Mixa musste nicht gehen, weil er „Kinder geschlagen“ oder „gelogen“ hat, er musste weg, weil er für eine Kirche steht, die hierarchisch gegliedert ist und nur Männer als Amtsträger hat, eine Kirche, die eine Glaubens- und Sittenlehre vertritt, die dem Zeitgeist widerspricht.

Spekulation? Nein! Das ist eine Tatsache. Was fordern denn die Augsburger Rebellen, die nun das „Eisen schmieden wollen, solange es heiß ist“? Der Augsburger Moraltheologe Arntz wirft Mixa „vordemokratisches Verhalten“ vor.

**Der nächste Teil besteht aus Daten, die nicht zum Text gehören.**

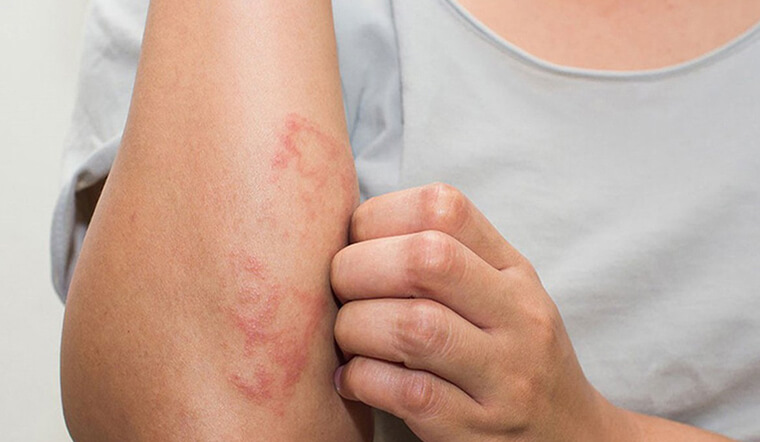 Kiến ba khoang cắn - Nhận diện và thời điểm Kiến ba khoang cắn - Nhận diện và thời điểm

Kritisiert wird das Tragen von Priesterkleidung, die offensive Werbung für den Priesterberuf. Im katholischen Moritzsaal wird in Anwesenheit katholischer Amtsträger unwidersprochen die Forderung nach der Ordination von Frauen zum Priesteramt erhoben – wer dies tut, befindet sich gemäß Erklärung der Glaubenskongregation nicht mehr in der vollen Gemeinschaft der katholischen Kirche! Wie reagiert darauf der Diözesanadministrator: er schweigt. Wer schweigt, stimmt zu! Mehrfach wird in den Versammlungen zum „zivilen Ungehorsam“ aufgerufen – das ist offene Rebellion gegen den Papst und die Kirche. Man rühmt sich, als Protestantin unerlaubt zur Kommunion zu gehen und fordert „Gastfreundschaft“ – warum werden diese theologischen Naivlinge nicht katechetisch unterwiesen?

Was jetzt gefordert wäre, wäre eine starke Diözesanadministration, die die Grenzen aufzeigt. Mit der Forderung nach „Ruhe“ ist es nicht getan. Hier muss der Mut gefunden werden, mit bischöflicher Autorität „contra“ zu sagen gegenüber Forderungen, die mit dem Katholischsein nicht vereinbar sind. Man darf dem künftigen Bischof von Augsburg keine „verbrannte Erde“ übergeben, heißt er nun „Mixa“ (was durchaus möglich wäre) oder (wahrscheinlich) anders. Doch wenn man jetzt den Rebellen freien Lauf lässt, dann wird das Bistum Augsburg aus der vollen Gemeinschaft mit der katholischen Kirche völlig herausfallen. Das Schisma ist schon da, unsichtbar, aber weithin hörbar.